La construction du jeu s’enracine donc dans une certaine intelligence de la guerre. C’est ici qu’apparaît une contradiction – tout du moins une incomplétude – interne à l’œuvre de Debord et reconduite dans le livre de Guy : le Jeu de la guerre est construit dans et par le passé militaire, comme étanche aux évolutions de l’histoire. Pourtant, les analyses des guerres contemporaines – ayant d’ailleurs nourri un inflexible antimilitarisme – ne manquent pas dans son œuvre. Après la Seconde Guerre mondiale, Debord et l’I.S. considèrent que nous n’avons pas quitté le monde de la guerre, que nous vivons dans ce même monde qui a produit l’affrontement planétaire et les camps – ainsi la différence entre nazisme, fascisme et capitalisme en vient à être réduite à une différence de degrés, comme trois états d’un même phénomène : le spectacle. La logique de la guerre est intérieure à la matrice spectaculaire : il y a une violence belliqueuse et continuée interne au spectacle, celle-ci prenant des formes plus ou moins révélées mais qui, sourdement, sont toujours en état d’advenir. Ce qui signifie, c’est important de le noter, tout autre chose qu’une guerre civile latente à l’ensemble des sociétés ; il faut bien plutôt comprendre que, au cœur du spectacle, la « guerre doit être comprise dans son omniprésence sociale7 ». Outre la Seconde Guerre mondiale, trois autres conflits occupent une place décisive dans la pensée de Debord. La Guerre froide établit les conditions planétaires du conflit en réduisant, sous la menace nucléaire, la vie à la survie. La guerre d'Algérie constitue la première guerre proprement spectaculaire : sa médiatisation nouvelle exige la participation physique autant que morale de l'ensemble de la population ; le transistor fait entrer la guerre dans tous les foyers, abolissant la distance qui la séparait jusque-là de la vie quotidienne. La guerre d'Espagne apparaît quant à elle comme la dernière guerre révolutionnaire, celle où, face à la première déflagration fasciste annonçant la Seconde Guerre mondiale, s'est formulée la tentative la plus aboutie de réalisation du projet marxiste sous la forme d'une politique révolutionnaire internationaliste.

Cette omniprésence de la guerre, rendue possible d’abord par sa technicisation nouvelle, mais aussi par son idéologisation inédite est restée comme extérieure à la construction du Jeu de la guerre.

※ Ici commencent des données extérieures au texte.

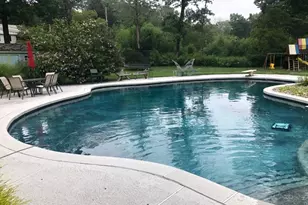 225 Emmans Rd, Roxbury Township, NJ 07836 - Photo 27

Ces nouveautés n’apparaissent pas dans le Jeu, et la contradiction est redoublée : certes, le Jeu de la guerre s’est construit en se nourrissant des penseurs du XIX ème siècle, à distance donc des évolutions techniques ayant changé la nature des affrontements, mais surtout cet anachronisme ne touche que le jeu, tandis que l’œuvre de Debord est riche d’une intelligence contemporaine de la guerre. Il y a une séparation entre le Jeu de la guerre et la pensée de la guerre de Debord : faire face à cette séparation est l’un des enjeux de l’héritage debordien, pour aujourd’hui.


Le livre de Guy ne s’épuise pas dans cette contradiction, mais reste la question : peut-on jouer pour se préparer à la guerre ? Est-ce qu’il s’est réellement agi – ou il pourrait encore s’agir – d’une « propédeutique au combat »  ? Debord avait donné, d’emblée, un ton hautement spéculatif à l’héritage qui devait passer par son jeu : il s’agissait, par lui, de s’exercer à la dialectique, entendu que « penser dialectiquement et penser stratégiquement, c’est même chose8 ». Mais apprendre la dialectique n'est pas apprendre la guerre : quel avantage le dialecticien aurait-il sur un champ de bataille ? Le rapprochement n'a pourtant rien d'arbitraire. L'histoire de la pensée stratégique est aussi celle d'une profonde intrication entre dialectique et guerre. Dès lors, que voulait écrire Debord lorsqu'il annonçait, en 1974, un traité de stratégie ? Cherchait-il à produire une théorie de la stratégie ou à faire de la stratégie par d'autres moyens ? Et la stratégie peut-elle seulement devenir l'objet d'un méta-discours sans perdre ce qui fait sa spécificité ? Le Jeu de la guerre apporte peut-être une première réponse : en se substituant au traité annoncé, il suggère que la stratégie ne peut se transmettre sous la forme d'une théorie achevée sans perdre son rapport constitutif à la pratique.